Sunday, December 11, 2011

So.

Last week was my birthday and no one remembered. Well, aside from family, one person remembered. But not the one I was hoping for. After the big fuss she made last year when i didn't tell her about it, I figured that she would remember this year. But she didn't.

Saturday, April 2, 2011

Music to my ears.

Possibly the coolest thing I've had a woman say to me. "Hey, do you want to go grab a beer?"

Sunday, March 20, 2011

Is It Possible That I'm Just An Idiot?

I have found myself once again crazy about someone who cannot or will not return my affections. This has become so common a pattern in my attempts at making a love connection, that it's not even sad anymore. It's more like hilariously tragic.
The pattern goes exactly like this:
We meet and hit it off instantly.
We get along great and are very comfortable with each other, finding lots to converse about.
We begin to REALLY like each other.
Enough time passes for her to realize that I am actually as nice a guy as I seem to be (apparently that is rare).

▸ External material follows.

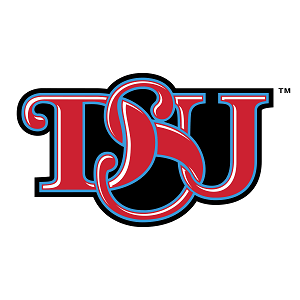 Delaware State University logo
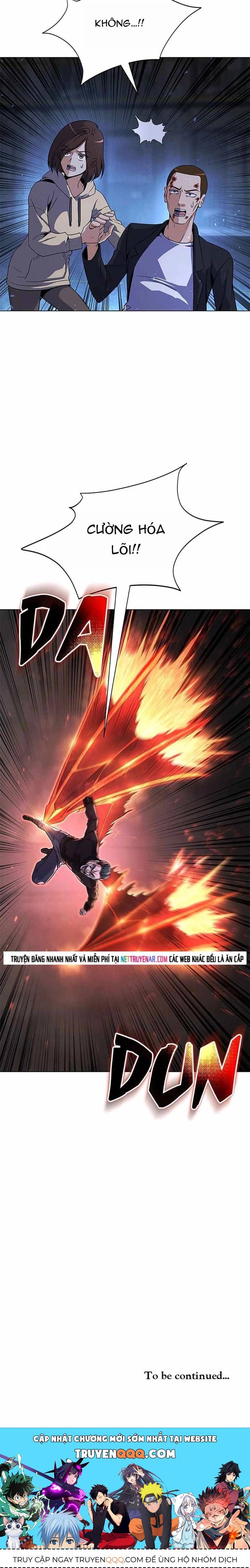 Thợ Săn Ăn Thịt Người Chapter 121 - 15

Then it occurs to her that nice guys are suppose to finish last, those are just the rules, she didn't make them up, but they must be followed. And then we have the conversation where she explains that she's not done figuring herself out yet. She's not done having fun or ready to commit to one person.
BUT, She also explains that I am so amazing and so special to her, she can't bare the idea of not having me in her life. And with that, I am cast in role of best guy friend.
She then proceeds to date every shithead in site all the while saying to me, "I can't believe you haven't found someone, you're such a great guy."
This has happened to me no less than half a dozen times. Needless to say, I am angry at the entire female gender. Ladies, I really wish you would get together as a group and decide who among you is willing to welcome me in from the wasteland known as the "friend zone".